Its not about moving.They have some stupid web applications that runs only on IE.Blame IE.


----------



## ssk_the_gr8 (May 25, 2012)

hsr said:


> I own a cheap laptop and an E63, and no oil rigs



e63.. Must have cost 8k, so it's not like you're poor. Now if you used a 1100...
So my point is that when you needed the smartphone you had the money. Same way if PS was not easily available on piratebay, you would have paid for it. 
And paint.net and gimp together can easily do your college magazine stuff, so your argument of good enough alternative does not work
And lastly if you still don't find them good enough, using Ps is not your birth right


----------



## gopi_vbboy (May 25, 2012)

and the other problem why linux market isn't penetrating is bad driver support from hardware vendors.Most of them only say "Designed for Microsoft*".I think Hardware manufacturers needs to provide linux support.Like if you buy a printers for example , you must be sure it will work in linux.



Liverpool_fan said:


> The way people shamelessly pirate Photoshop and MS Office is precisely the reason why those tools have the monopoly.
> Because of those idiots who pirate and use MS Office, _my_ freedom of using ODF is lost and _I_ have to face problems with formatting of MS Office documents. With absolutely no fault of mine.
> 
> Bet who vouch for PS and other stuff, have not even laid their hands to other tools. Corel Paint Shop Pro is like $50, one can afford it, for instance. But no let's make excuses and continue pirating and be "proud" of it. Might not serve all purposes, but considering how those lol guys use the software, even Paint.NET will be enough for them. And for the microscopic minority who actually make full use of it while pirating it, should eventually buy it considering the productivity they have derived from it before they spend lakhs on rigs or Nokia Lumias.
> ...


----------



## koolent (May 25, 2012)

Lol.. Apps that run only on IE.. I mean, India can never step ahead with applications that only run on IE 6. WTF..

Plus they run pirated XP.. LOL..

And so they say:

Desh Smart Ban Raha HaI..

Ans- "Please Bit*h"


----------



## dashing.sujay (May 25, 2012)

^Of the people, for the people, *BY* the people.


----------



## tarey_g (May 25, 2012)

The simple reason is that Indians earn in rupee, and they don't want to spend in dollars.

Direct conversion of the price of the app for Indian market is completely stupid.
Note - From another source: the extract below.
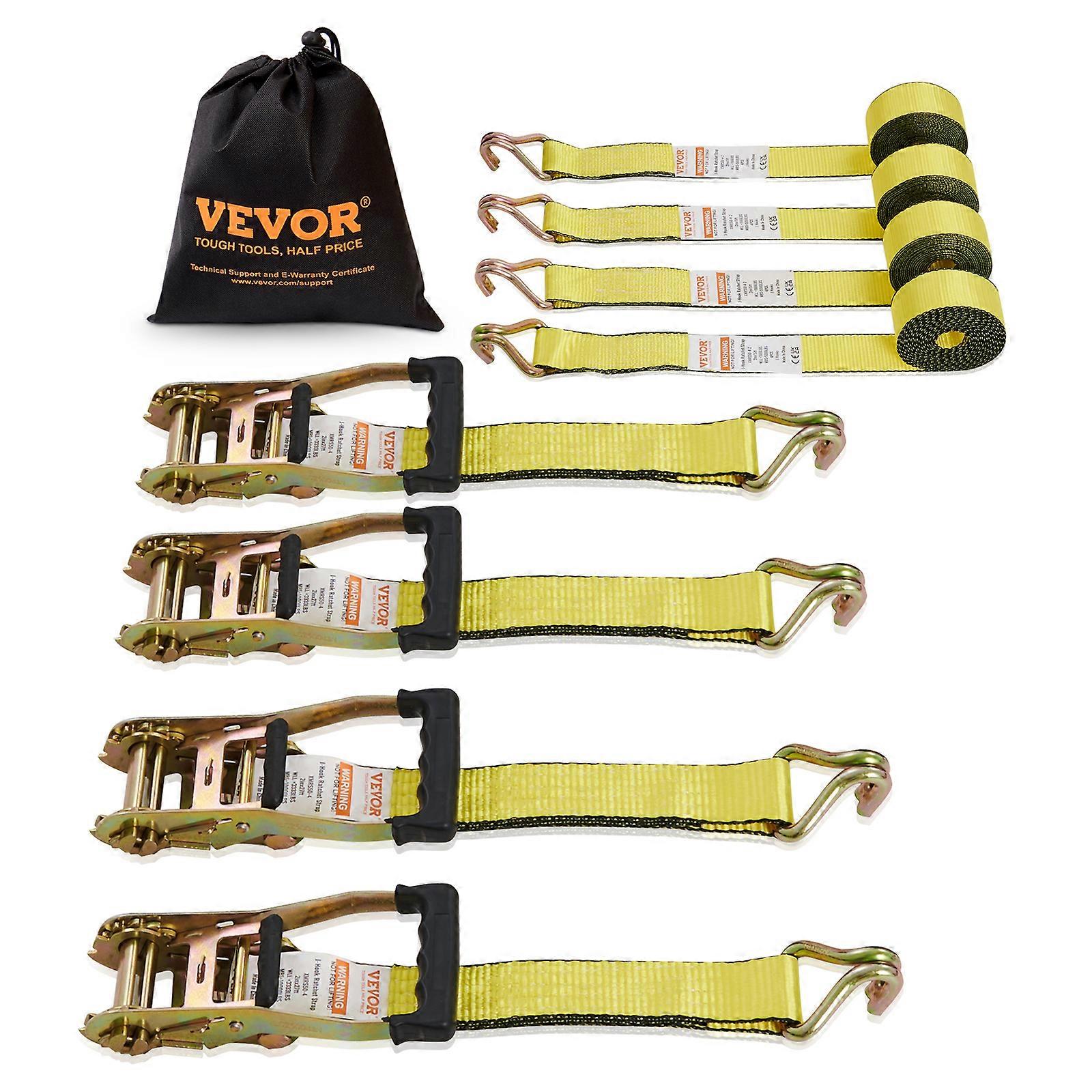 Ratchet Tie Down Straps (4PK), 5000 lb Break Strength, Περιλαμβάνει 4 Premium 2 "x 15' Rachet Tie Downsfor Moving Securing Cargo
Until they have region specific prices for software, this bad practice will continue (Google market gives liberty to app devs of setting region specific prices manually, but we don't see much use of this feature). Compared to hardware, you don't have to make a entire new unit and ship it to a consumer.

Its very easy to take benefit of such good system of distribution of copies of your app, but corporations just dot want to ditch the old model even though the times have changed. 

Where these corps see millions of pirates, I see millions of potential customers.


----------



## dashing.sujay (May 25, 2012)

Remember when XP used to cost 25k. 7 HB costs 5k now. I can say surely that this reduction must have brought down OS piracy by at least 20% if not completely. Point is if the cost is such that everyone can afford according to their use (like HB, HP, pro/UL), everyone will start buying a genuine OS. IMO the ideal cost is something around 1k(HB)-5k(UL). Its just a rough estimate, but since masses pirate, large selling volumes (genuine) will obviously will never incur loss. Companies will always be in profit, just that *if* we do what we are expected.


----------



## theserpent (May 25, 2012)

What people dont understand
Why should i spend 100+ buck on that app.Let me download it via cyd*a.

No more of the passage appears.